Zurücknahme und Entfernung negativer eBay-Bewertung verurteilt
KI-Zusammenfassung
Die Klägerin forderte die Zurücknahme einer negativen eBay-Bewertung und die Beantragung ihrer Entfernung. Das AG Solingen ordnete das vereinfachte Verfahren nach § 495a ZPO an; der Beklagte blieb ohne Stellungnahme, sodass die Klägerangaben gemäß § 138 Abs. 3 ZPO als zugestanden gelten. Mangels sachlichem Bewertungsgrund wurde der Beklagte zur Rücknahme und Beantragung der Löschung verurteilt; die Kosten trägt er.
Ausgang: Klage auf Zurücknahme und Entfernung der negativen eBay-Bewertung vollumfänglich stattgegeben
Abstrakte Rechtssätze
Hat eine negative Online-Bewertung keine sachliche Grundlage, kann der Betroffene von dem Bewerter die Zurücknahme der Bewertung und die Beantragung ihrer Entfernung beim Betreiber verlangen.

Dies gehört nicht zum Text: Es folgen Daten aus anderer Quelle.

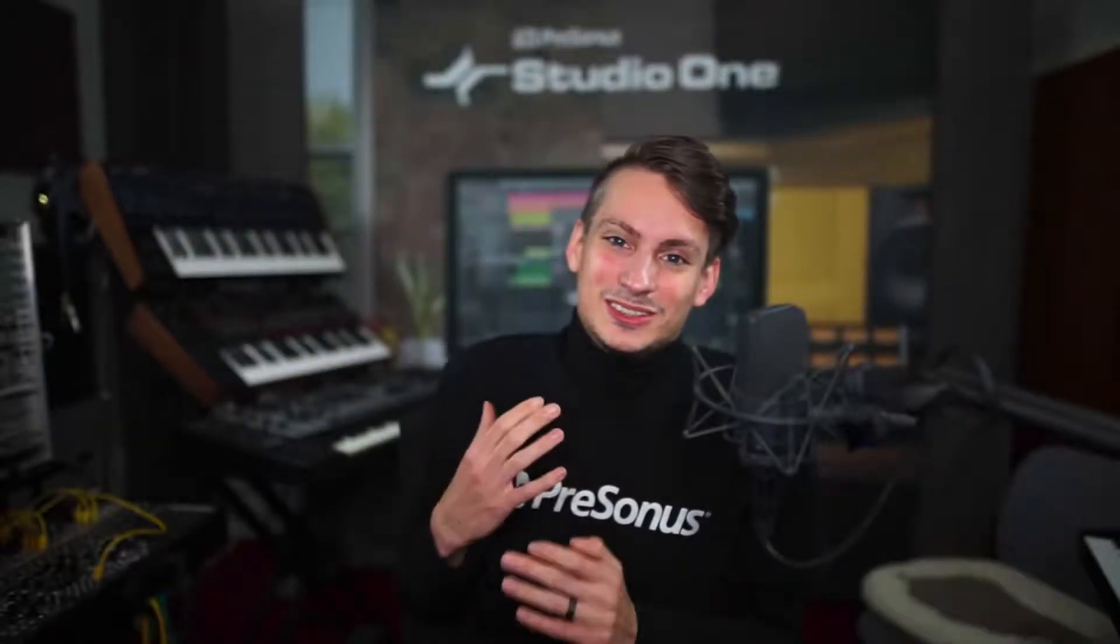Hi guys and welcome back to Studio One with me Gregor. Today we want to look at the chord track together, which was one of the main additions to Studio One in version 4.0.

Steht eine Bewertung in unmittelbarem Zusammenhang mit einem streitigen Rechtsverhältnis, das zugunsten der Gegenseite entschieden wurde, spricht dies gegen das Vorliegen eines sachlichen Bewertungsgrundes.
Im vereinfachten Verfahren nach § 495a ZPO gelten die vom Kläger vorgetragenen Tatsachen, zu denen der Beklagte nicht fristgerecht Stellung nimmt, gemäß § 138 Abs. 3 ZPO als zugestanden.

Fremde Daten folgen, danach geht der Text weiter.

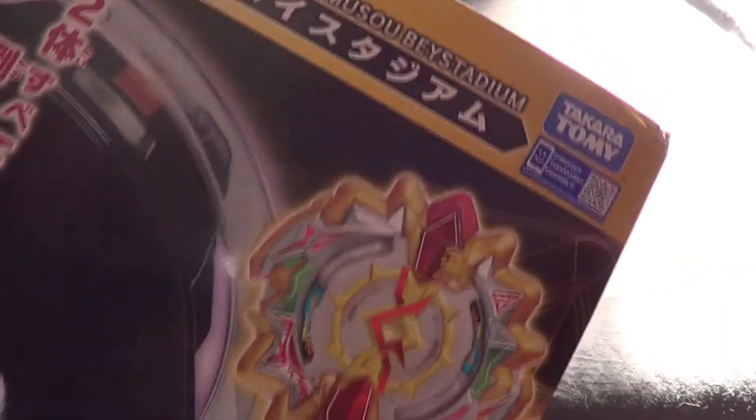Hello guys, it's ChillMath100. Today I have the Beyblade Burst Cho-Z Musou Bay Stadium.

Kosten- und Vollstreckungsfolgen richten sich nach den einschlägigen Vorschriften der ZPO (insbesondere §§ 91, 708 Nr. 11, 713 ZPO).
Tenor
Der Beklagte wird verurteilt, seine Negativbewertung der Klägerin mit dem Wortlaut
„Negativ!!!!!!!!!!!!!!!!!!!!!!!!!!!!!!!!!!!!!!!!!!!Käufer
Negativ!!!!!!!!!!Goodbye goodbye2004goodbye“
zurückzunehmen und deren Entfernung aus dem Bewer-tungssystem bei eBay zu beantragen.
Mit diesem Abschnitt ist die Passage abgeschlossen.